Ahora sí te interpreto: “...Y así confirmar qué importante eras para
mí, cuánto me duele tu partida, y cómo yo no podría soportar la idea
de perderte!”
Me sentía desnudado.
—Bueno, confieso –siguió el gordo—. SI me importa de ti, porque te
quiero mucho, NO me duele que partas, porque creo que es una
elección tuya y la verdad (lamento decirte), SI puedo soportarlo...
Y decididamente, no me enojo y no te echo.
—Y la otra posibilidad... –paré.
—¿Y la otra posibilidad... ? –me animó el gordo.
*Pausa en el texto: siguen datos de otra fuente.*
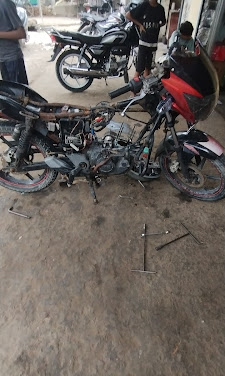 Bike electrical and wiring repair at Dinesh Bike Point Sonipat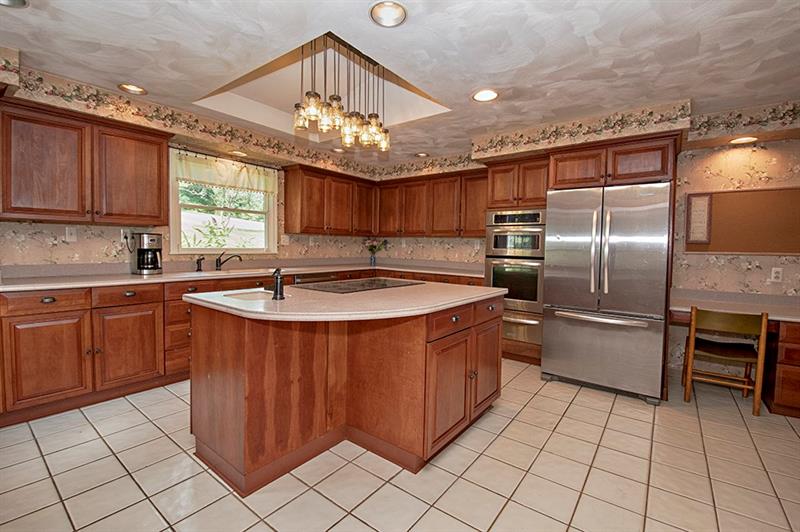 596 McCombs Road Venetia, PA 15367 - Photo 7 of 25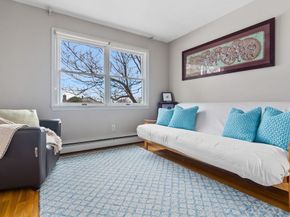 8 Goldfinch Way, Ipswich MA 01938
—La otra posibilidad es que dejes que me vaya, como estás haciendo.
—¿Y cuál es el problema?
—En esto, nada.
—Cada vez entiendo menos.
—¿Y después?
—Y después...
—¿Cuándo quiera volver?
—Cuando quieras volver, ¿qué?
—¿Puedo?
—¿Por qué no podrías, Demián?
—Porque todos mis amigos que han hecho terapia, me han contado
historias terribles sobre estas sesiones de interrupción.
Desde veladas amenazadas de recaídas, hasta francas anticipaciones
de catástrofe. Desde dudas sobre la posibilidad de conseguir
horario, hasta la marca estigmática de “paciente que se va no puede
volver”.
—¡Ahhh!... Ahora entiendo de dónde el planteo era tan cauteloso. En
lo que a mí respecta, tú puedes tomarte vacaciones de mí cada vez
que quieras y puedes volver aquí, cada vez que se te ocurra. El
límite es el de la situación cómoda para ambos, el de la utilidad de
la tarea según el modelo terapéutico y por supuesto, depende del
momento exclusivo del paciente.
El gordo hizo una pausa para el mate.
—Lo que sucede es que, como siempre, de una pauta realmente útil en
ciertas circunstancias, se ha hecho una generalización absurda.
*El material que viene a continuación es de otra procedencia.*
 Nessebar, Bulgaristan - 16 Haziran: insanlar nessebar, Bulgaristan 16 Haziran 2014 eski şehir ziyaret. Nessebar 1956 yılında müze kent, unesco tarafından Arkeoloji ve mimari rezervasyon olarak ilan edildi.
—¿Como siempre?.—Como muchas veces... ¿te cuento un cuento?
Había una vez, un gurú que vivía con sus seguidores en su ashram en
la India.
Una vez por día, al caer el sol, el gurú se reunía con sus
discípulos y predicaba.
Un día, apareció en el ashram un hermoso gato que seguía al gurú por
dondequiera que él fuera.
Resultó que cada vez que el gurú predicaba, el gato se paseaba
permanentemente por entre los discípulos, distrayendo su atención de
la charla del maestro.
Por eso, un día, el maestro tomó la decisión de que cinco minutos
antes de empezar cada charla, ataran al gato para que no
interrumpiera.
Pasó el tiempo, hasta que un día el gurú murió.
El discípulo más viejo se transformó en el nuevo guía espiritual del
ashram.
Cinco minutos antes de su primera prédica, mandó a atar al gato.
Sus ayudantes tardaron veinte minutos en encontrar al gato, para
poder atarlo...
Pasó el tiempo, hasta que un día murió el gato.
El nuevo gurú mandó que consiguieran otro gato para poder atarlo.